Belief Net: A Filter-Based Framework for Learning Hidden Markov Models from Observations
This work addresses a fundamental problem in sequential data modeling for researchers and practitioners, offering an interpretable alternative to existing methods, though it appears incremental as it builds on prior gradient-based and neural network approaches.
The paper tackles the challenge of learning Hidden Markov Model parameters from observations by introducing Belief Net, a gradient-based framework that formulates the forward filter as a neural network, achieving faster convergence than Baum-Welch and handling settings where spectral methods fail.

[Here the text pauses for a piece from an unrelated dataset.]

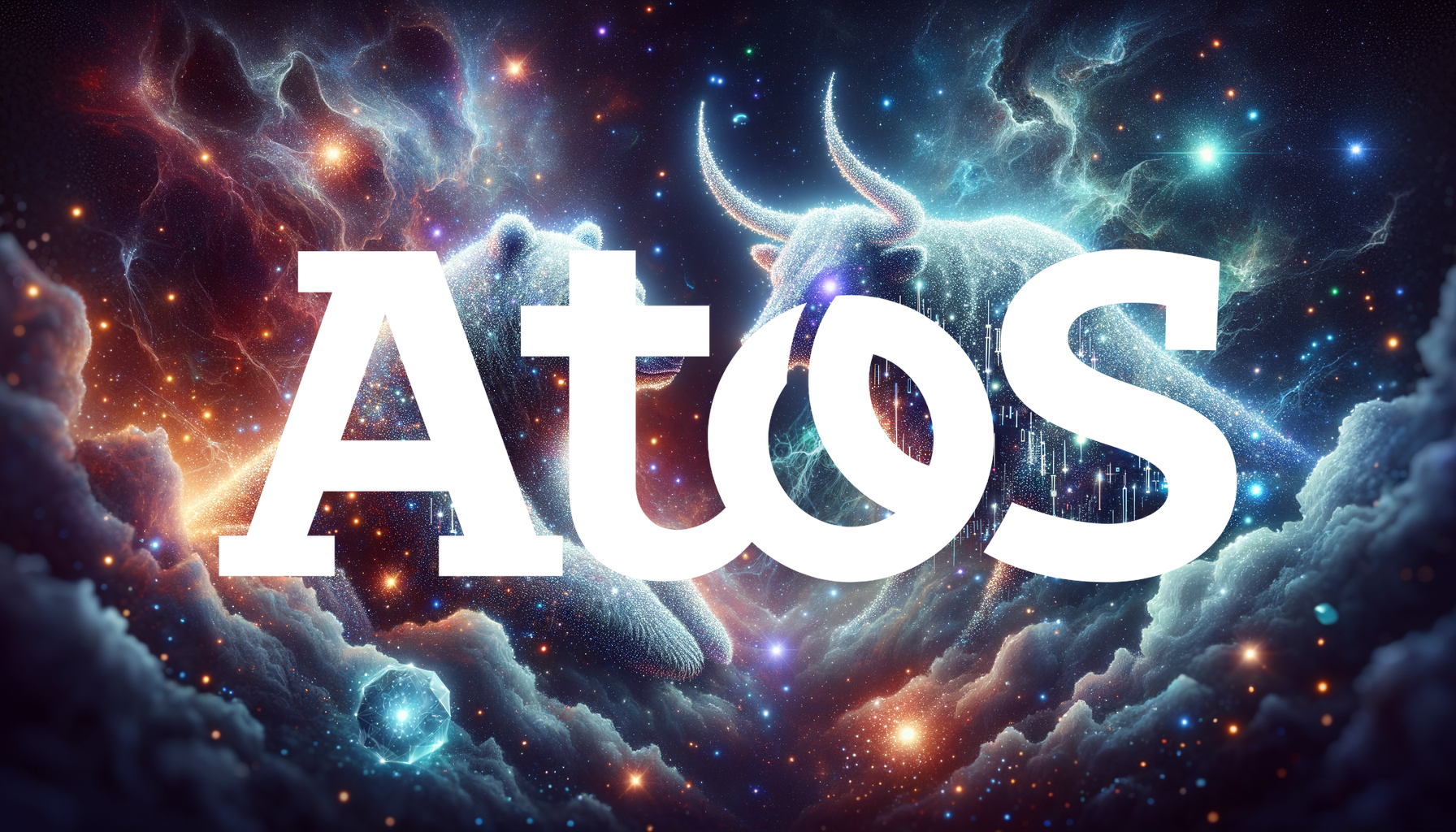 Atos-Aktie: Aus!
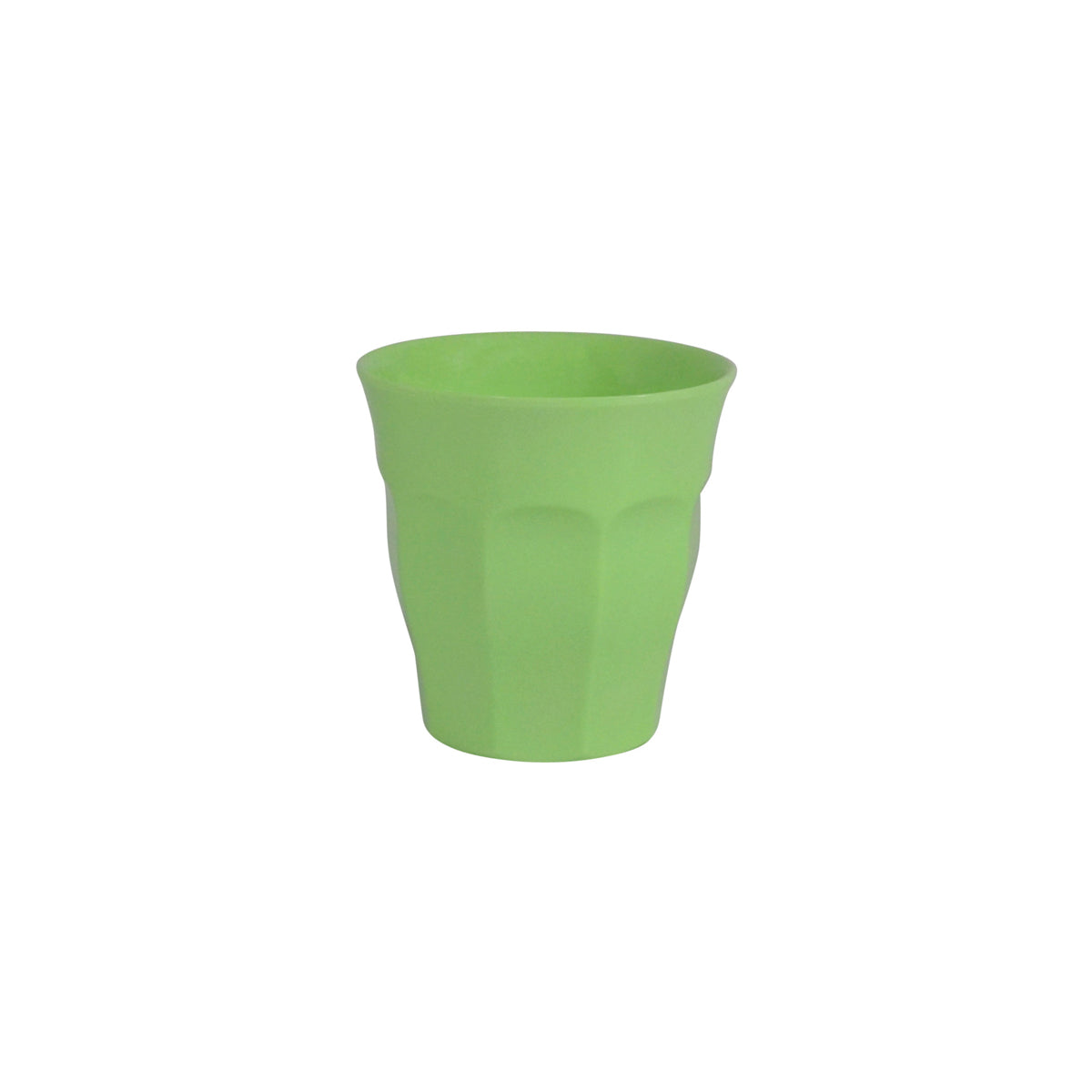 48904-Ctn JAB Melamine Tumbler Green Tea 300ml Leisure Coast Hospitality & Packaging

Hidden Markov Models (HMMs) are fundamental for modeling sequential data, yet learning their parameters from observations remains challenging. Classical methods like the Baum-Welch (EM) algorithm are computationally intensive and prone to local optima, while modern spectral algorithms offer provable guarantees but may produce probability outputs outside valid ranges. This work introduces Belief Net, a novel framework that learns HMM parameters through gradient-based optimization by formulating the HMM's forward filter as a structured neural network. Unlike black-box Transformer models, Belief Net's learnable weights are explicitly the logits of the initial distribution, transition matrix, and emission matrix, ensuring full interpretability. The model processes observation sequences using a decoder-only architecture and is trained end-to-end with standard autoregressive next-observation prediction loss. On synthetic HMM data, Belief Net achieves superior convergence speed compared to Baum-Welch, successfully recovering parameters in both undercomplete and overcomplete settings where spectral methods fail. Comparisons with Transformer-based models are also presented on real-world language data.